Comparaison entre pays : déchets municipaux recyclés et compostés en Europe
Note : Les taux de recyclage indiquent le pourcentage de déchets municipaux générés qui sont recyclés, compostés et digérés par voie anaérobie, et peuvent également inclure les déchets préparés de manière à être réutilisés. Les changements apportés à la méthodologie de reporting impliquent que les chiffres de 2017 ne sont pas totalement comparables à ceux de 2004 pour l’Autriche, la Belgique, la Croatie, Chypre, l’Estonie, la Lituanie, l’Italie, la Norvège, Malte, la Pologne, la Roumanie, la Slovaquie, la Slovénie et l’Espagne; les chiffres de 2005 ont été utilisés au lieu des chiffres de 2004 pour la Pologne, en raison des changements de méthodologie. Compte tenu des données limitées disponibles, au lieu des chiffres de 2004, ce sont les chiffres de 2003 qui ont été utilisés pour l’Islande, les chiffres de 2007 pour la Croatie, les chiffres de 2006 pour la Serbie et ceux de 2008 pour la Bosnie - Herzégovine. En ce qui concerne l’UE-28, les chiffres de 2004 ont été basés sur les chiffres de 2007 pour la Croatie et les chiffres de 2016 ont été utilisés pour l’Islande et l’Irlande au lieu des chiffres de 2017. Les chiffres de 2017 pour Chypre, l’Allemagne, la France, le Luxembourg, la Pologne, la Slovénie, l’Espagne, la Suisse, la Turquie et l’UE-28 incluent des estimations.

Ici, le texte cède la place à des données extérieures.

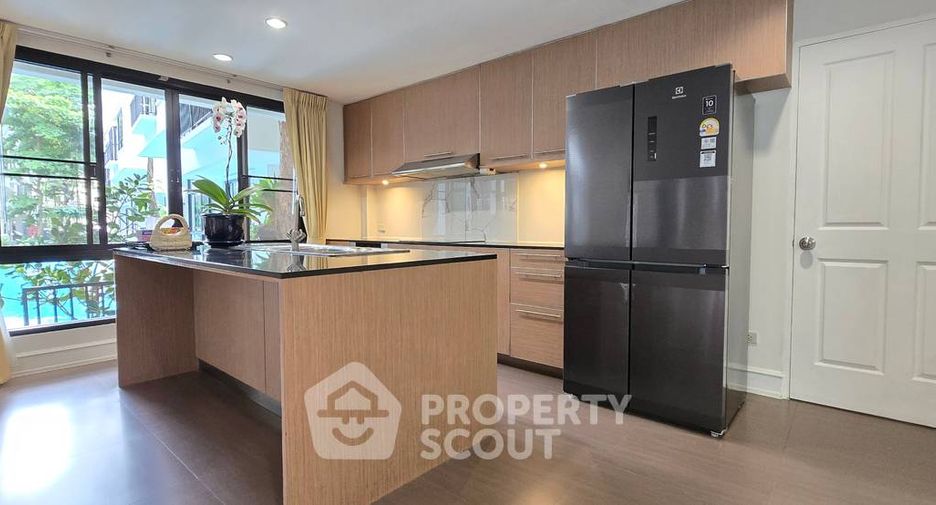 For rent 4 bedrooms house in Khlong Toei, Bangkok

Source : Agence européenne pour l’environnement, 22 novembre 2019.
Des exemples de réussite en matière de recyclage concernent la collecte de bouteilles en plastique par le biais de machines de déconsignation. Dans certains des pays « les plus recycleurs », les consommateurs ont l’habitude d’utiliser ces machines qui servent de relais pour les « systèmes de consigne ». Ces systèmes proposent une petite récompense aux consommateurs qui rapportent leurs bouteilles, habituellement un bon d’achat qui peut être utilisé dans le magasin même. La machine accepte les bouteilles, les pré-trie à l’aide de trieurs optiques en fonction du type de plastique, de la taille de la bouteille et des niveaux de contamination, contribuant au processus de recyclage en aval de la chaîne.

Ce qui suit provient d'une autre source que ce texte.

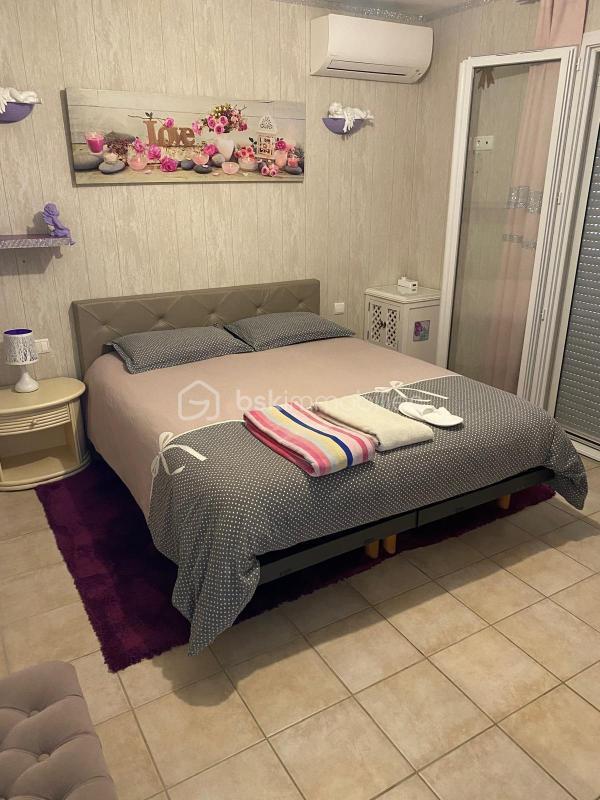 Maison traditionnelle - 218 m² - 6 pièces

En Allemagne, leader européen et mondial du recyclage, les machines de déconsignation ont fait émerger une sorte de sport national, de nombreux adolescents et personnes plus âgées se livrant à la collecte de bouteilles en plastique pour de l’argent. Ceci s’est traduit par un taux de collecte de conteneurs en polyéthylène téréphtalate (PET) impressionnant de 95 % au niveau national[3]. Il va s’en dire que les fournisseurs de telles machines ont enregistré de très bons résultats, aussi bien en termes de rentabilité qu’au niveau de leur cours de bourse.

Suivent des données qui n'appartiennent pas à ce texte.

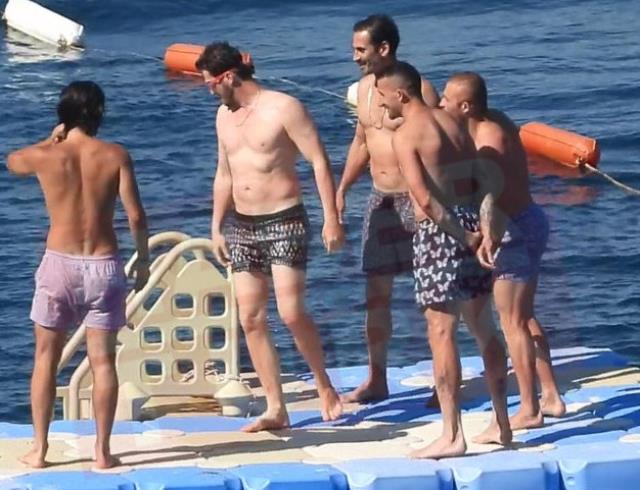 Kıvanç Tatlıtuğ ve Başak Dizer'in bebekleri ilk kez görüntülendi Kıvanç Tatlıtuğ ve Başak Dizer'in bebekleri ilk kez görüntülendi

De plus en plus de pays sont en train d’introduire des systèmes de dépôt pour encourager les consommateurs à recycler. Cette tendance devrait se poursuivre, compte tenu des normes plus strictes adoptées en 2019 par la Directive européenne relative aux plastiques à usage unique[4]. La loi impose à tous les États membres un objectif de collecte de bouteilles de 90 % d’ici 2029, toutes les bouteilles en plastique devant contenir au moins 25 % de plastique recyclé (rPET) d’ici 2025. Les pays où les taux de recyclage des plastiques uniques ne sont pas encore assez élevés, tels que la France, le Portugal et l’Espagne devront inciter les entreprises « moteurs » à les aider pour répondre à temps aux exigences européennes. Tout comme pour l’écart lié au recyclage des déchets municipaux, cela va entraîner de nouvelles opportunités commerciales pour les fournisseurs. Opportunités que les gérants d’actifs vont permettre à leurs clients d’identifier, rendant la transition vers l’économie circulaire profitable pour l’environnement, les communautés et les investisseurs.